Most recently, I was the head teaching assistant for Data 6: Introduction to Computational Thinking with Data, funded through an NSF Improving Undergraduate STEM Education (IUSE) grant. The course was designed primarily for social students and emphasizes rigorous computational problem-solving to prepare students for computational social science research and advanced computer science coursework.

Before then, I was a teaching assistant for Data 8: Foundations of Data Science, which teaches core data science concepts across statistical inference, data analysis, and computational thinking through Python and the pandas-based datascience library. Data 8 is the first course where I felt capable of success as a programmer, and I’m grateful to have had the privilege of teaching hundreds of students in my discussion sections and helping them recognize their potential and ultimately see themselves as data scientists.
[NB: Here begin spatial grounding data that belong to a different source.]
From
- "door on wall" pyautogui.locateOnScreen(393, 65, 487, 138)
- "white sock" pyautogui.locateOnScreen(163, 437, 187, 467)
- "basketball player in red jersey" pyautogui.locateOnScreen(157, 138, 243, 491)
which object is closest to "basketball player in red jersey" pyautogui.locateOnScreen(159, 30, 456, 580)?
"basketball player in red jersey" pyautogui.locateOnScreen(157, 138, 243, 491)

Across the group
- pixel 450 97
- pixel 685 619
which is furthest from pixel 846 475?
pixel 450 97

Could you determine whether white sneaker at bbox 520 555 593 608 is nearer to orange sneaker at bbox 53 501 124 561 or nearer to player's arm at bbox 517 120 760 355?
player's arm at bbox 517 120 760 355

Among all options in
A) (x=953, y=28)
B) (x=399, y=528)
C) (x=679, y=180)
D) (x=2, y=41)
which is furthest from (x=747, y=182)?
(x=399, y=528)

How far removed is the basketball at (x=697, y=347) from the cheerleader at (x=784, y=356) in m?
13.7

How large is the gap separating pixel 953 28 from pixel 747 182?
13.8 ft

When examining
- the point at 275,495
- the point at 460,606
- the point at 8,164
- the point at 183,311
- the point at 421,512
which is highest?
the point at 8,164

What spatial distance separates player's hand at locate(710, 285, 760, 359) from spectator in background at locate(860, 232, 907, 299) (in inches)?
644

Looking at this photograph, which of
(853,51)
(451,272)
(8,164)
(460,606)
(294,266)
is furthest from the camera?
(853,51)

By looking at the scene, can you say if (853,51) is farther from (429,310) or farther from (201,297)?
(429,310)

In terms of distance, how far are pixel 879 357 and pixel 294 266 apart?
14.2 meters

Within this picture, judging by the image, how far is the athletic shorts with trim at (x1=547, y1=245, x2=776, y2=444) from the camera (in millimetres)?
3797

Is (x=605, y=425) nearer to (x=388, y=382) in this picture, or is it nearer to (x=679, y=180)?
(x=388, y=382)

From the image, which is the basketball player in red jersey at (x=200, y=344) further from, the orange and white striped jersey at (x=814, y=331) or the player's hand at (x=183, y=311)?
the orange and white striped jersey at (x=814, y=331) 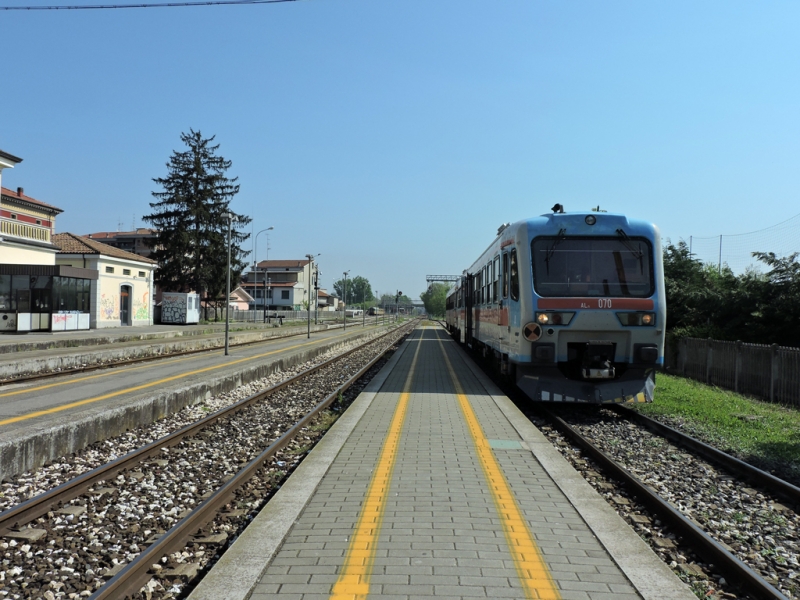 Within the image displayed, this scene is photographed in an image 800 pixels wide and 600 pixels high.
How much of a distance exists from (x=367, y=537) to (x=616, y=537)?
1810 mm

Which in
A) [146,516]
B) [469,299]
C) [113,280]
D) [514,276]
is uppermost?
[113,280]

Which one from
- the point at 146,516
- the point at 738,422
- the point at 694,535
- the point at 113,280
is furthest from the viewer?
the point at 113,280

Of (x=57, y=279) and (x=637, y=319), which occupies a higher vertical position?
(x=57, y=279)

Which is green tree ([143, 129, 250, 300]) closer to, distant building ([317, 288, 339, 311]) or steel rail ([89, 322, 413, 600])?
steel rail ([89, 322, 413, 600])

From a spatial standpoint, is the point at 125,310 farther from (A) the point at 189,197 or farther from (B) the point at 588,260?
(B) the point at 588,260

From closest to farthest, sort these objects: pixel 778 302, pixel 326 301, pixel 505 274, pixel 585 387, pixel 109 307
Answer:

I make all my teaching materials public! Here are my teaching materials from the Summer 2025 iteration of Data 8.


Research

Through my experiences in teaching and curriculum development, I’ve developed a strong interest in computer science education research—specifically in designing curriculum, pedagogical approaches, and educational tools that expand access to computing for nontraditional and underrepresented students while fostering deep conceptual understanding and a genuine sense of belonging.

As artificial intelligence becomes increasingly integrated into programming workflows, I am passionate about researching how foundational computational concepts, such as control flow, abstraction, and programming best practices, can be taught in ways that promote conceptual understanding rather than surface-level tool use. I want students to understand why their code works, regardless of how AI tools are incorporated into their learning process. As a Head TA for Data 6, I contributed to curriculum development and instruction across topics including Python fundamentals (iteration, conditionals, functions), data visualizations, table manipulation, HTML web scraping, API usage, and qualitative coding. I’m currently working publishing our curriculum at dubois-ctds.github.io. To learn more, you can also check out our California Learning Lab project page.

Looking forward, my research interests center on curriculum and pedagogical strategies that support nontraditional learners in developing strong computational identities, integrate structured reflection to help students connect day-to-day work with long-term learning goals, and explore accessible, participatory approaches to teaching computing concepts across disciplines and age groups.

I was recently involved as an undergraduate researcher through UC Berkeley’s Algorithms & Computing for Education (ACE) Lab. My role was studying the efficacy of integrating Human Contexts & Ethics (HCE) concepts into undergraduate data science curriculum. I hold an interest in finding ways to ensure that students think critically about the implications of the technical work that we do.